EXERCISE DETAILS: Repeat the data that follows, word for word, without the images.

LISTED RECORDS:
..............................

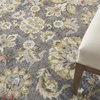image:imageNourison Home Juniper Floral Charcoal Multi 9 x 12 Area Rug Easy Clean Non Shedding Bed Room Living Room Dining Room Kitchen 9x12Charcoal Multi
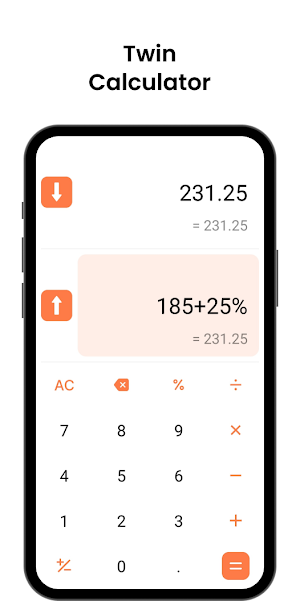 TwinCalc - Calculator Screenshot 1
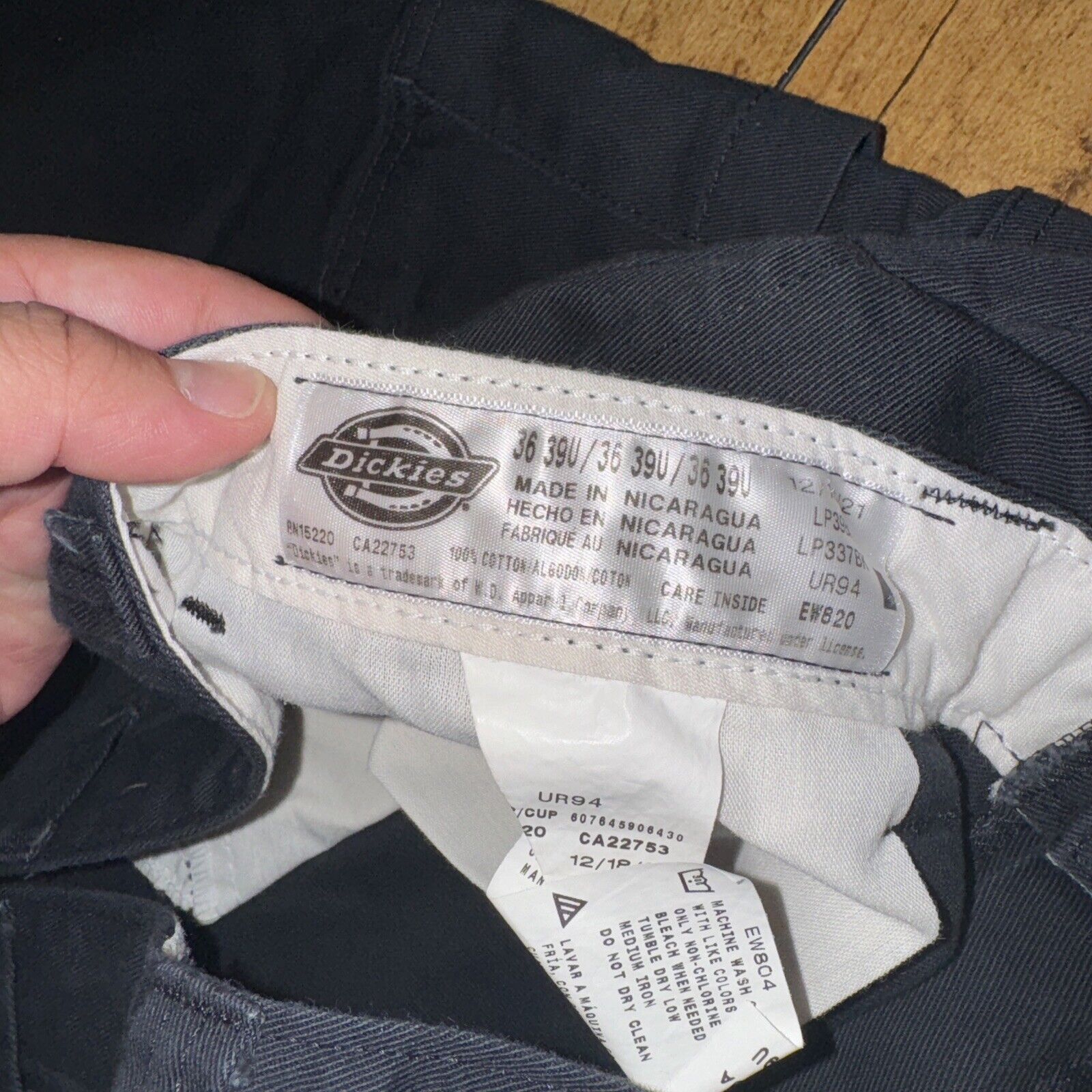 Dickies × Japanese Brand × Vintage Dickies Chino Cargo Pants Black 34x32 Workwear Measured Size US 34 / EU 50 - 7 Thumbnail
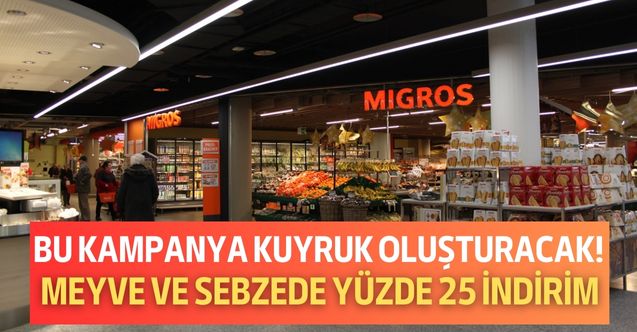 Migros'un bu kampanyası kuyruk oluşturacak! Meyve ve sebzede yüzde 25 indirimle 6 liradan kapış kapış gidecek ürünler duyuruldu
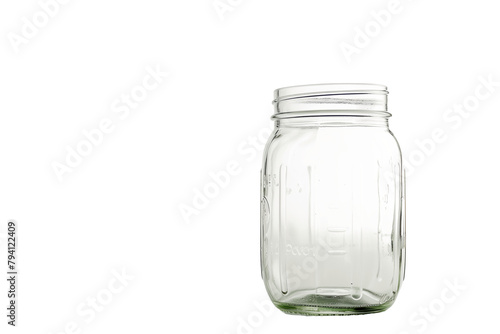 Empty Glass Mason Jar - Isolated on White Transparent Background, PNG
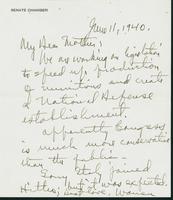 Letter to Mrs. C.G. (Ann) Austin, June 11, 1940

..............................

EXERCISE RESULT:
image:imageNourison Home Juniper Floral Charcoal Multi 9 x 12 Area Rug Easy Clean Non Shedding Bed Room Living Room Dining Room Kitchen 9x12Charcoal Multi
 TwinCalc - Calculator Screenshot 1
 Dickies × Japanese Brand × Vintage Dickies Chino Cargo Pants Black 34x32 Workwear Measured Size US 34 / EU 50 - 7 Thumbnail
 Migros'un bu kampanyası kuyruk oluşturacak! Meyve ve sebzede yüzde 25 indirimle 6 liradan kapış kapış gidecek ürünler duyuruldu
 Empty Glass Mason Jar - Isolated on White Transparent Background, PNG
 Letter to Mrs. C.G. (Ann) Austin, June 11, 1940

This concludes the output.